= Beginning of Section =
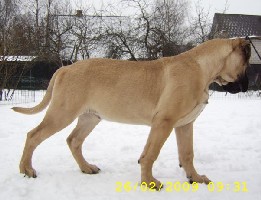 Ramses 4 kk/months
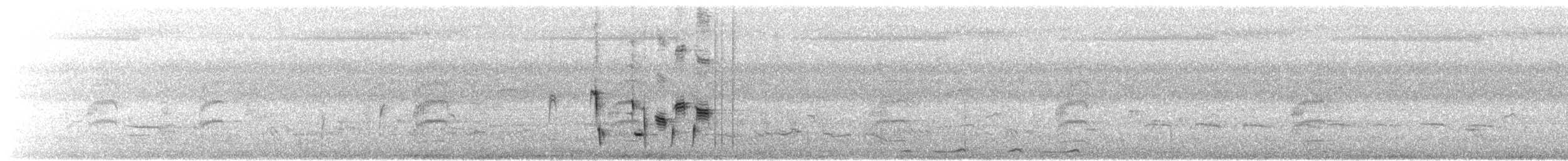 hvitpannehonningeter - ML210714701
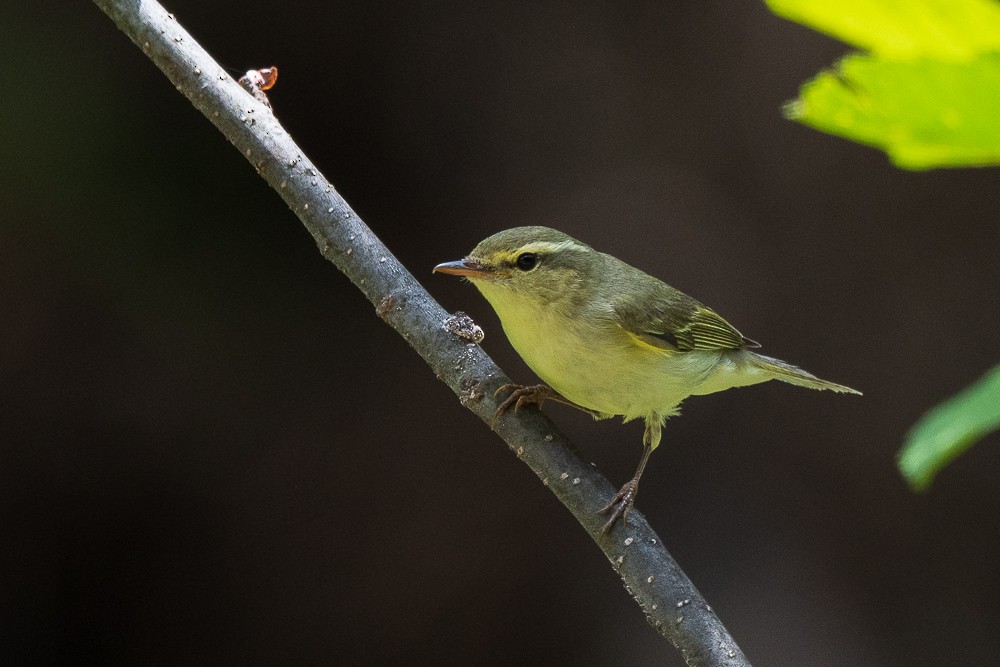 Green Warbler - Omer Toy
= End of Section =
= Beginning of Section =
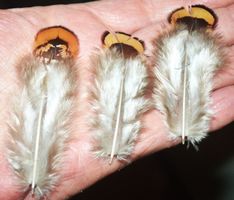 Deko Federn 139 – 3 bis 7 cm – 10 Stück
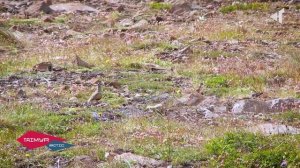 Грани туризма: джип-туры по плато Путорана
= End of Section =
• ACTIVITY
From the entries above, copy exactly the lines starting at the one with "Ramses 4 kk/months" and stopping at the one with "Green Warbler - Omer Toy", keeping both ends. Drop the pictures.

• RESPONSE
 Ramses 4 kk/months
 hvitpannehonningeter - ML210714701
 Green Warbler - Omer Toy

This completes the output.